Around the world the Central Authorities are reacting in different ways depending on each country’s individual economic profile. The US started by throwing liquidity into the system but is now focussing on the real problem, dealing with a credit crisis. It is interesting that Treasury Bill rates have gone to zero or minus interest rates, that is lower than during the Depression of the 1930s. This coupled with the underwriting of the banking system will force the trillions of dollars in Money Market funds to place money back in the banking system. It is worth noting that the Government is effectively borrowing money at a minus interest rate and lending it out at 4 or 5% to the banks, making a huge profit in the process. As I mentioned, there are mountains of debt that have to be repaid or literally written off, in the early ‘80s bank crisis, this was called Debt destruction. 

On the other side of the world, China recovering from the Olympic Games and the industrial shutdown, as well as a massive earthquake, is grappling with the fact that a large percentage of its economic growth was export driven. The Chinese economy, which suffers from both the advantages and disadvantages of central planning, has to reverse its direction, from exporting consumer goods to internal consumption. It has the Central Government controls to do this as well as the reserves. The Chinese Government stimulus package, broken down roughly, is allocated 45% to railways, roads and airports; 25% to the earthquake recovery areas; 9% to rural infrastructure; 9% to energy efficiency and environment; 7% to low income housing and 4% to technology and R & D. This augers well for China’s future growth. 

By contrast, the UK’s reaction to the problem, apart from the necessary support for the banking system, was the announcement to bring forward infrastructure expenditure, which is unlikely to happen as they simultaneously announced the postponement of major industrial military expenditure on aircraft carriers and in any case most infrastructure projects are stalled in interminable planning enquiries and debates, eg. Runways at London Airport and Stansted. Along with this, a VAT reduction that will cost the Government billions and have no commercial impact apart from the huge bureaucratic burden it lays across industrial inter-company prices. In any event, private individuals should sensibly be paying down debt rather than being encouraged to spend. The UK Government debt going into the coming year of some £145 bn. is unlikely to be fundable and can only lead in due course to rising interest rates and devaluation. Not a recipe for an industrial renaissance.

Germany by contrast, has a less hysterical Government that is watching its banking system carefully and will probably support, where required, its industry so as to get the country on to a sustainable recovery path. 
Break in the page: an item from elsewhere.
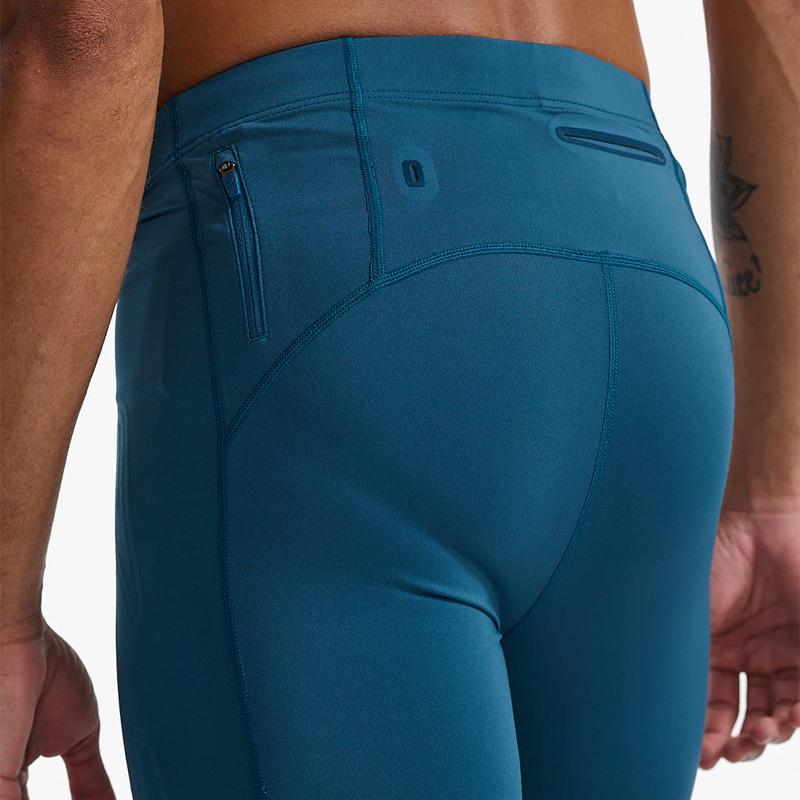 2XU ツータイムズユー MCS メンズ ランコンプショーツ MA5331B-MAJ/MRF メンズ ランニング ウエア タイツ ショート 26SSカラーの画像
While there are many, many anomalies and dangers in the fabric of the world’s economic systems, I take an optimistic view, rightly or wrongly, an entrepreneur has to deal with risk all the time, risk-taking is not compatible with pessimism. However, I am having a struggle remaining convinced that we will be over the worst by the 3rd / 4th quarter of 2009. Unless the banking system unglues itself very soon, the global network of interrelated industrial companies that support our modern lifestyle will start to break. Repairing the extraordinarily complex computer controlled industrial networks will take time and will add to the inflationary pressures that are being built into the system at the moment.